L'invidia è forse “santa”? Don Vittorio Chiari dice di sì: «Quand'è ammirazione, desiderio di essere come quelli che invidio e che ho incontrato lungo il cammino della mia vita». Ed è con questa “santa” invidia di chi fa bene il bene che...
del 01 gennaio 2002
Invidio i Santi del nostro tempo! Quelli che hanno pazienza di educare nel quotidiano, senza attender risultati; quelli che amano i poveri e hanno fatto una scelta di campo in loro favore; quelli che sono capaci di stare accanto agli ammalati, anche quelli che sbavano e puzzano.
Invidio i volontari a tempo indeterminato che danno il loro tempo, la loro vita, senza preoccupazione di sorta per se stessi; quelli che lavorano per la pace, stando sui luoghi della divisione e della guerra, vivendo la beatitudine che li rende figli di Dio a titolo legittimo.

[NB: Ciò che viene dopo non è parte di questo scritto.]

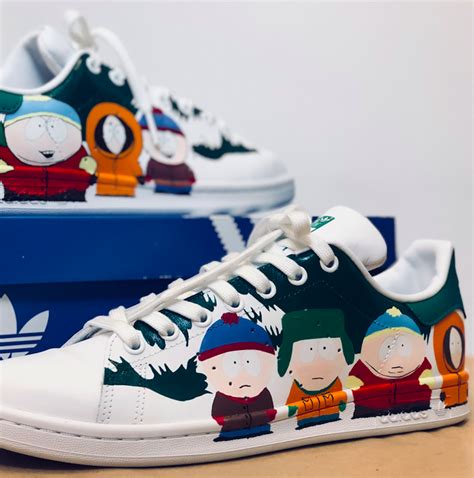 Adidas Stan Smith South Park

Invidio chi non teme per la propria vita, sapendo che il donarla è amore senza limiti, ma invidio anche chi nel quotidiano è fedele alle persone, nella famiglia, nell’amicizia; chi lavora per rendere più bello il mondo ma anche per chi lavora nell’umiltà di lavori faticosi, non riconosciuti.
Invidio quelle persone anziane che hanno la fede semplice e la preghiera a portata di mano nel rosario e a portata di cuore nella loro partecipazione ai dolori del mondo; invidio i parroci che vivono l’Eucaristia e hanno lo sguardo buono di misericordia per i fratelli “peccatori”, che vivono al margine, considerati guasti della società dell’uomo.

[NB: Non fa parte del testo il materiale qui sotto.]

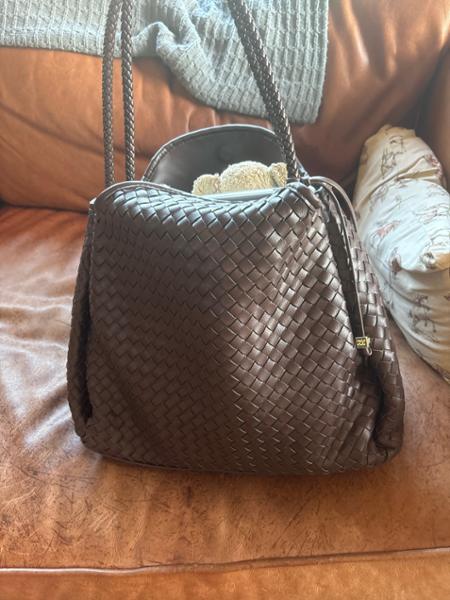 Katie Loxton Nova Hand Woven Large Shoulder Bag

Invidio le suore che sono negli ospedali, nelle scuole materne, in cucina o in lavanderia, le donne che sono amore, immagini della Vergine Maria o delle spose sagge del Vangelo; invidio chi sa trasformare in parola e canto immagine e colore, musica, e danza le bellezze del Creato; invidio il “barbone” che si accontenta del poco e ama la libertà, che l’essere povero gli riserva dalle cose, dal danaro, dal potere; invidio chi ama il silenzio, non quello che distacca o quello malinconico nella solitudine, ma del contemplativo che si perde in Dio, nella natura, negli altri.

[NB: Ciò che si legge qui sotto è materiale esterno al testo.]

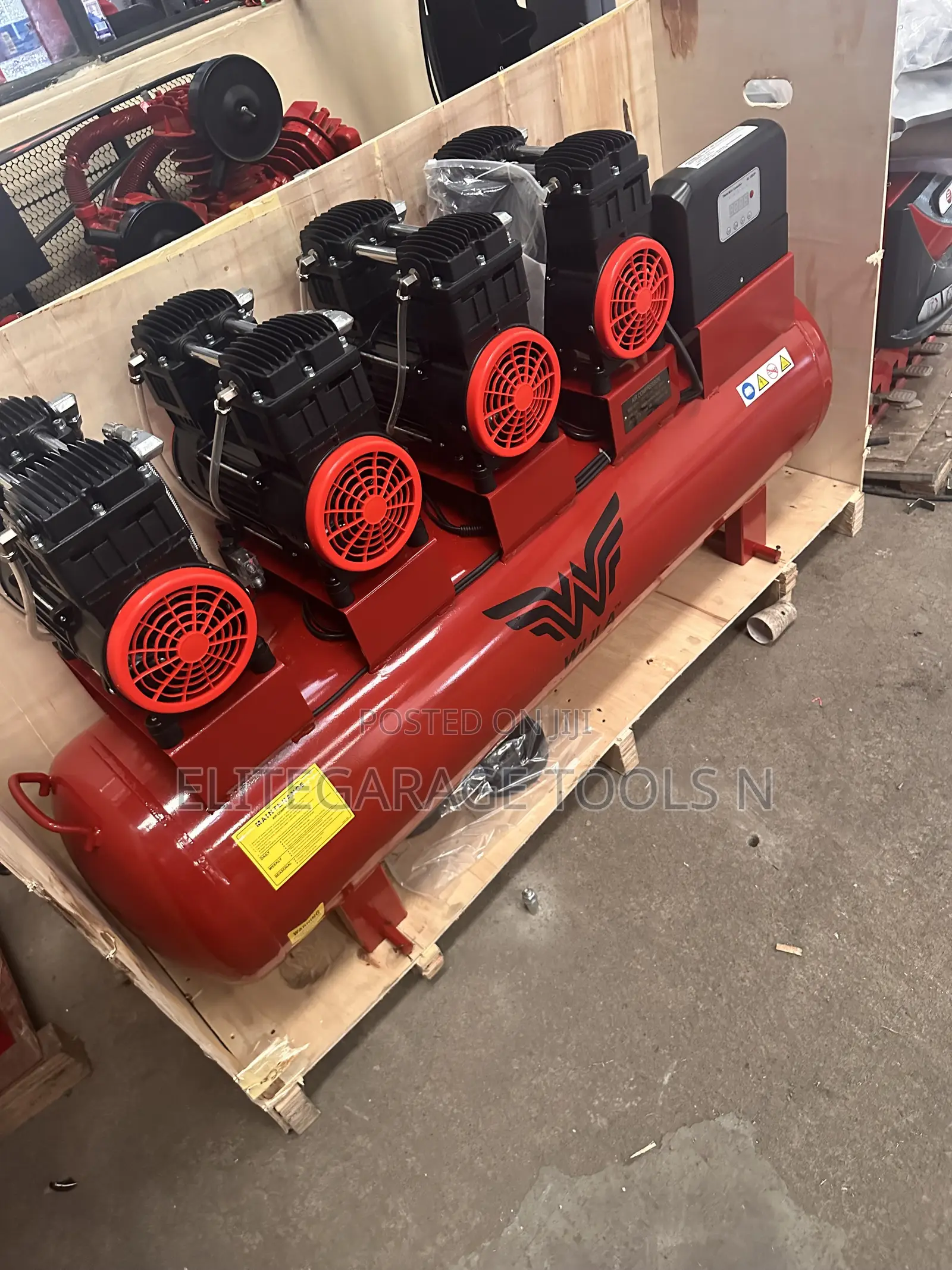 200l Super Silent Italian Compressor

Invidio i bravi insegnanti, i fedeli formatori e animatori; invidio il contadino che conosce le stagioni e le sa rispettare nei suoi ritmi; l’operaio che batte il ferro o lavora il legno, il libraio che sa consigliare chi gli chiede un libro, il giornalista, che ama la verità e la sa comunicare; il cuoco che prepara da mangiare bene e accoglie a mensa senza alcuna preferenza di persona il primo e l’ultimo, il ricco e il povero:
Invidio la ragazza tetraplegica che mi ha confessato di essere contenta di esserlo perché con un sorriso è sostegno a chi incontra; invidio gli attori di strada, i clowns del circo, i saltimbanchi e gli acrobati, seminatori di gioia per le strade del mondo, invidio chi sa perdonare senza più ricordare, invidio i santi anonimi del Paradiso, perché sono più vicino a loro che a quelli dell’Altare, invidio chi possiede l’arte del sorriso per donarla agli altri, l’arte della riconciliazione per creare comunione tra la gente e tra nemici; invidio chi muore affidandosi a Dio, accettando la sofferenza, senza lamento. Vorrei invidiare anche i politici che non sono schiavi del potere ma “servi “ degli altri.
Invidio… ma non è peccato l’invidia? L’invidia è forse “santa”? In questo caso sì, perché è “ammirazione”, “desiderio” di essere come quelli che invidio e che ho incontrato lungo il cammino della mia vita. Così ho iniziato la mia Quaresima.